Yomguithereal / baobab

JavaScript & TypeScript persistent and optionally immutable data tree with cursors.
MIT License
3.15k stars 115 forks source link

Facets are actually implementation leak #240

Closed ivan-kleshnin closed 9 years ago

ivan-kleshnin commented 9 years ago

I think about this thing... Facets described as "views over data". But the same thing may be said about cursors. They are also "views over data". The difference is that one data is "static" and other is "dynamic". But this means nothing. If we have c = f(b) rule we never conclude that c has different nature than b. Derived and initial data are expressed in the same syntax and are equal for the consumers. The whole Math and Computer Science are based on that.

Unfortunately, this is not the case with facets. Client code must be aware of this artifical separation:

let foo = state.facets.foo;
vs
let foo = state.select("foo").get()

or

@branch({
  cursors: ...
  vs 
  facets: ...
})

This seems wrong to me. I shouldn't be concerned about such private details of the data in the client code. Is it "static" or "dynamic"? I don't care. I shouldn't ask. But now the client code and implicit rules about our data are coupled and we can't simply switch between a <- b and b <- a causalities. This means implementation leak.

Unless I miss something, I propose to think about merging cursor and facet concepts into one more powerful abstraction (keeping cursor name). So cursors may be expressed in terms of cursors and static data then.

But... saying that... I'm afraid that we actually reinvent the wheel here. This issues @christianalfoni raised: https://github.com/Yomguithereal/baobab-react/issues/44 https://github.com/Yomguithereal/baobab/issues/180 push me even more to the thought that Baobab will benefit being built over smarter abstraction(s). Event emitters are too primitive. We want to control initial states, we want to have movable parts having single app state at the same time. We want more and more complex primitives to express relations between data in facets like filters of all kinds...

It sounds like... RxJS Observables could handle this better. Or CSP channels.

There are attempts to bind React and Rx... with more or less luck. https://github.com/fdecampredon/rx-flux https://github.com/r3dm/thundercats

Noone of them takes the concept of single app state, they are basically follow the Flux path having distinct Stores. But in everything else... we are moving to the same direction. Any state (including Baobab trees, of course) can be expressed in terms of temporal reduce function named scan. The difference between it and familiar reduce we used to is that this scan broadcasts every new state to the observers, not just returns one final data (because most of data sources never finish). I wonder if it's possible to just drop all that event emitter poor machinery and rebuilt everything on something more powerful and more suitable to our big big big list of requirements. Sounds scary, I know.
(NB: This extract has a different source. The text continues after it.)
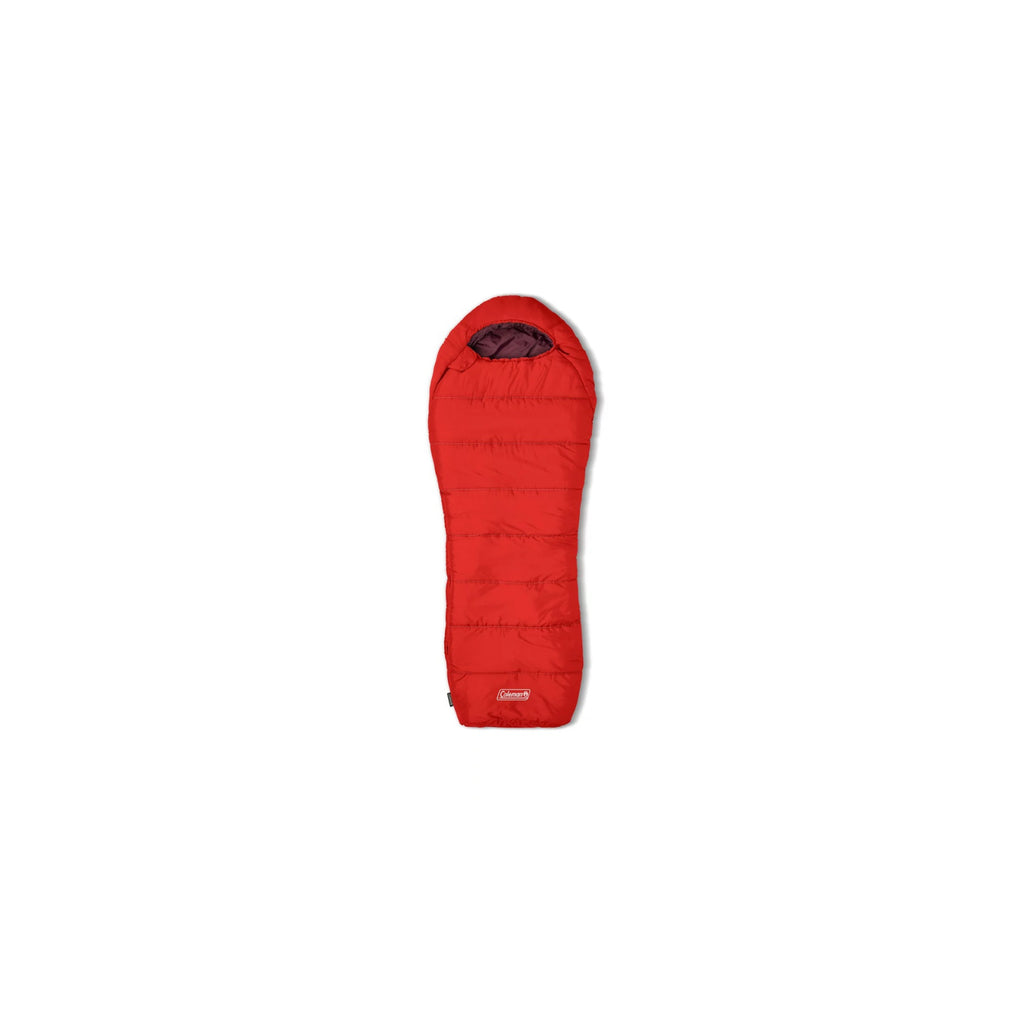 Coleman Tidelands Sleeping Bag 40 Degree Mummy Red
I'd like to think I overcomplicate things and there is a well-defined outline of what Baobab should and shouldn't do. Somewhere. But I'm afraid I'm not.

:camel:

Yomguithereal commented 9 years ago

baobab@dev now implements computed data within the tree #278.
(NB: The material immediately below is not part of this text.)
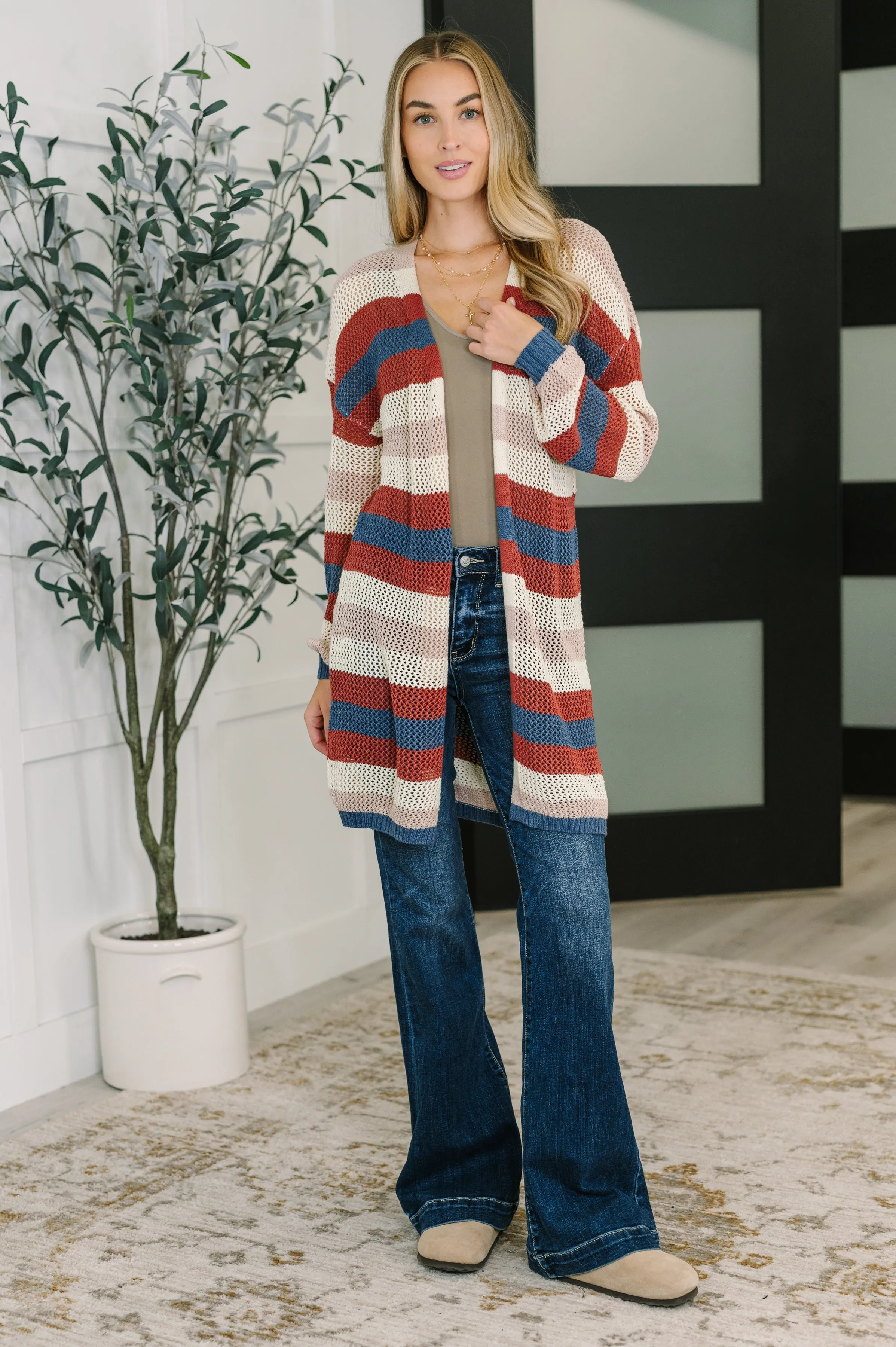 Definitely Dapper Striped Knit Cardigan sold by Charming Charlie product image thumbnail 4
Yomguithereal commented 9 years ago

I guess we can close this since facets are no more an implementation leak :).

oresmus commented 9 years ago

I am coming late to this discussion, since I am just learning about these libraries (and about web programming and js in general), but OTOH I have thought about related issues for some time, know something about FRP, etc.

I just want to describe a use case to support the view that there should be no enforced distinction (even by strict naming convention) between computed and "directly stored" state in your interfaces for accessing state.
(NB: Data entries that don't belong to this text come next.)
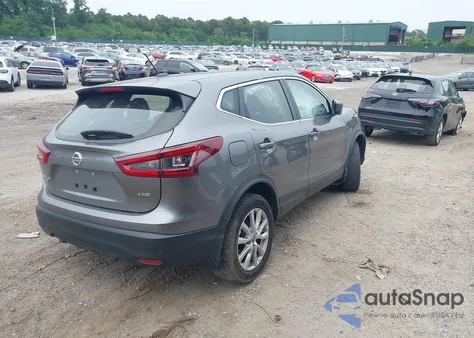 2021 Nissan Rogue Sport S Awd Xtronic Cvt from USA, damaged, VIN JN1BJ1AW1MW671407
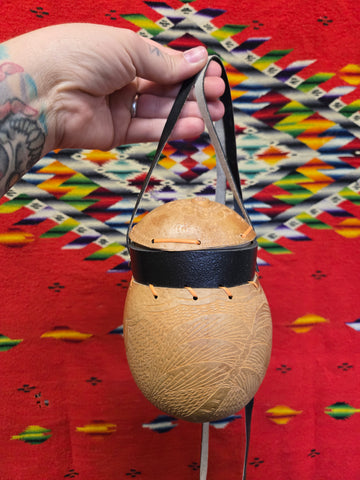 Vintage Embossed Gourd Purse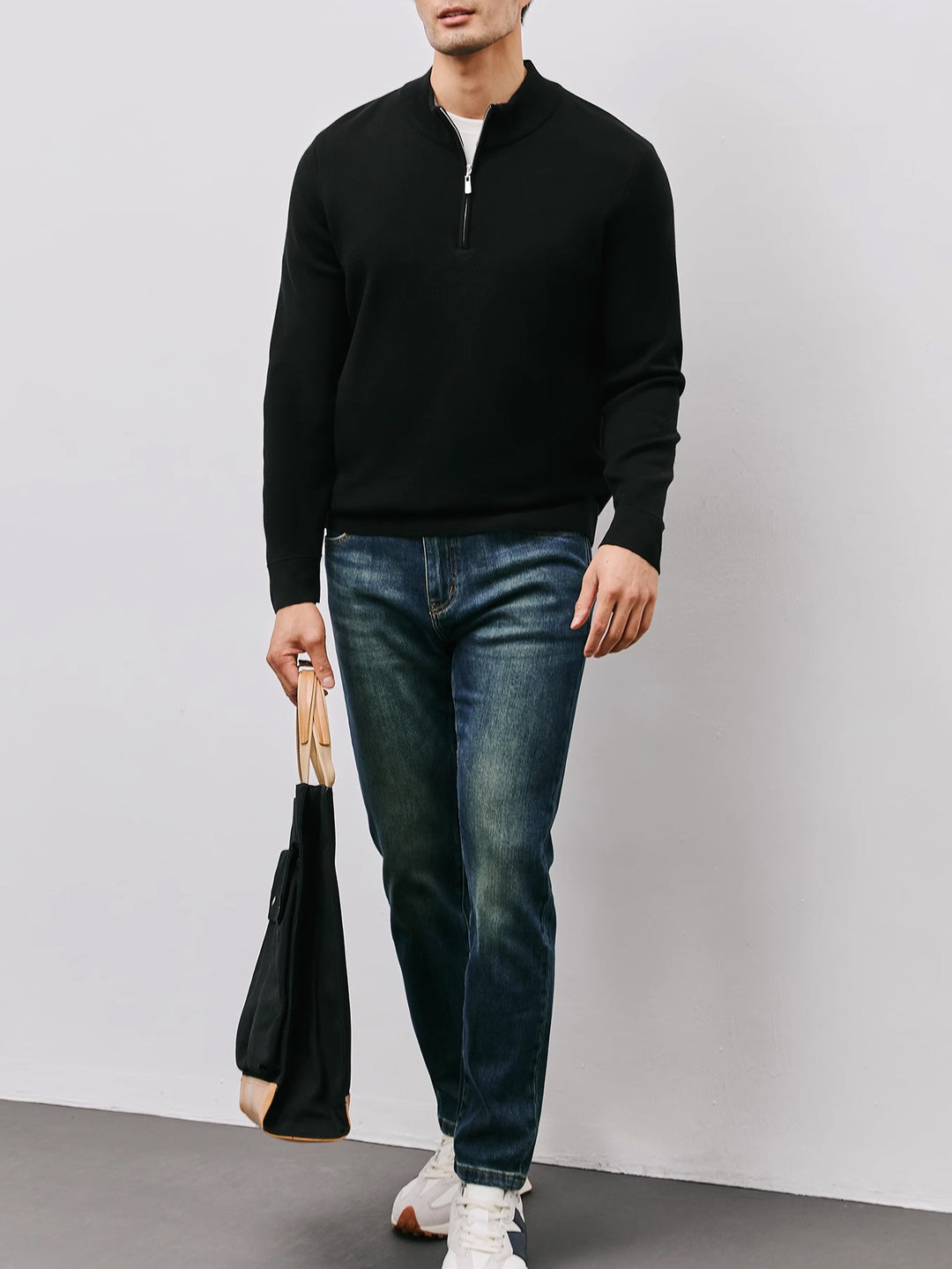 Nathaniel | Refined Quarter-Zip Sweater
use case: data with more than one possible representation

Consider an interface which wants to reveal data in either of two representations. E.g. temperature in degrees F or C, or a 3d model in either VRML or as a .obj file (or whatever).

We would like two accessor methods, one for each representation that is desired, so the functions can have a typed return value (whether formally or just in their documentation).

In a typical implementation, the backing store (I mean the state tree, like Baobab, plus whatever layers around it help with loading or computing data) will keep the data in one format, and compute the other one when requested, perhaps caching it or not.

But a change in implementation of the store might change the decision of which format is stored vs computed; or this might differ for different individual objects, depending on their source; it might change over the lifetime of a single object; it might even keep both forms for speed. But the code that does the accesses should not have to know about any of this. It should be able to use the same interface whether the data it requests will turn out to be directly stored or computed.

but don't we need to know whether it's computed in practice?

Now, indeed there are use cases where it feels like you need to know the difference. But if you examine them more closely, what you really need is something else, which can be expressed by either a fancier data type for the return value, or a fancier interface permitting a succession of values, or both. (And Baobab already gives you the "succession of values" by default, so all we need to add here is the metainfo about each value.)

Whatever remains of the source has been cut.